Step 2:  restrict the interactions to protein-protein undirected ("in-complex-with", "interacts-with"), using the `%in%` operator and using array indexing `[`, and include only the two species columns. The restricted data frame should be called `interac_ppi`.

In [3]:
interac_ppi <- sif_data[sif_data$interaction_type %in% c("in-complex-with",
                                                         "interacts-with"), c(1,3)]

Step 3: restrict the data frame to only the unique interaction pairs of proteins (ignoring the interaction type), using the `unique` function.  Make an igraph `Graph` object from the data frame, using `graph_from_data_frame`.

In [4]:
interac_ppi_unique <- unique(interac_ppi)
ppi_igraph <- graph_from_data_frame(interac_ppi_unique, directed=FALSE)

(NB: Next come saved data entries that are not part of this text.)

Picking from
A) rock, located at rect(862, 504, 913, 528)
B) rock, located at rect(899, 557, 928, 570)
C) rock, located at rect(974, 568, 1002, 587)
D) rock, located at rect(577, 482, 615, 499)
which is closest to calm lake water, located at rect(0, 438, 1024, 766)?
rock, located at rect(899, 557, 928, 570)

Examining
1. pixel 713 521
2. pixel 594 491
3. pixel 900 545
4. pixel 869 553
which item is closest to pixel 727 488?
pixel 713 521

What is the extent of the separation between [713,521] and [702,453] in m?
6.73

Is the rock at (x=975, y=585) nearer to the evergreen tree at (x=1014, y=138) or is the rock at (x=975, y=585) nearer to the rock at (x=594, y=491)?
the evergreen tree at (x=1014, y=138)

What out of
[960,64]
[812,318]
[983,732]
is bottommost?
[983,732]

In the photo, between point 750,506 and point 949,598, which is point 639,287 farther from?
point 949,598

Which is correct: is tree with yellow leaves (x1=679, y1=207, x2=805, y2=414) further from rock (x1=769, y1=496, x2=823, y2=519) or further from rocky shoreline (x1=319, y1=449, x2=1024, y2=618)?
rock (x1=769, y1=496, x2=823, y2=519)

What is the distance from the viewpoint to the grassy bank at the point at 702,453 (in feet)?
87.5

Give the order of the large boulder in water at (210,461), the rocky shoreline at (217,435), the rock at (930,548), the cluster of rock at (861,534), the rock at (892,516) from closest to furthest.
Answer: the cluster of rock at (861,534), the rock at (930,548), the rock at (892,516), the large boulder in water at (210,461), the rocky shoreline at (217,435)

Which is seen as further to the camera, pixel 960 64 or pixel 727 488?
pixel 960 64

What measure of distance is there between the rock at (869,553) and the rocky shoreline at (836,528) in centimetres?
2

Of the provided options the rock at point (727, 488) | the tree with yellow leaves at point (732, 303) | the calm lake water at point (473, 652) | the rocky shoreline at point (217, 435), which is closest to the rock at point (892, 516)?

Map the components of the graph `ppi_igraph` using the `igraph` function `components`.  That will return a list which you should assign to object name `component_res_list`.  Get the `csize` member of the list, which will be a vector of the sizes of the components of the graph.  Call `max` on that vector to get the size of the giant component of the PPI.

In [5]:
## call the igraph function `components` on the `ppi_igraph` object; name
## resulting object `component_res_list`
component_res_list <- components(ppi_igraph)

In [6]:
## obtain the list item in the slot named `csize`, and name the
## resulting object `component_sizes_vec`
component_sizes_vec <- component_res_list$csize

In [7]:
## use the `max` function to find the size of the giant component
max(component_sizes_vec)

Let's print out all the component sizes, in reverse-sorted order

In [8]:
sort(component_sizes_vec, decreasing=TRUE)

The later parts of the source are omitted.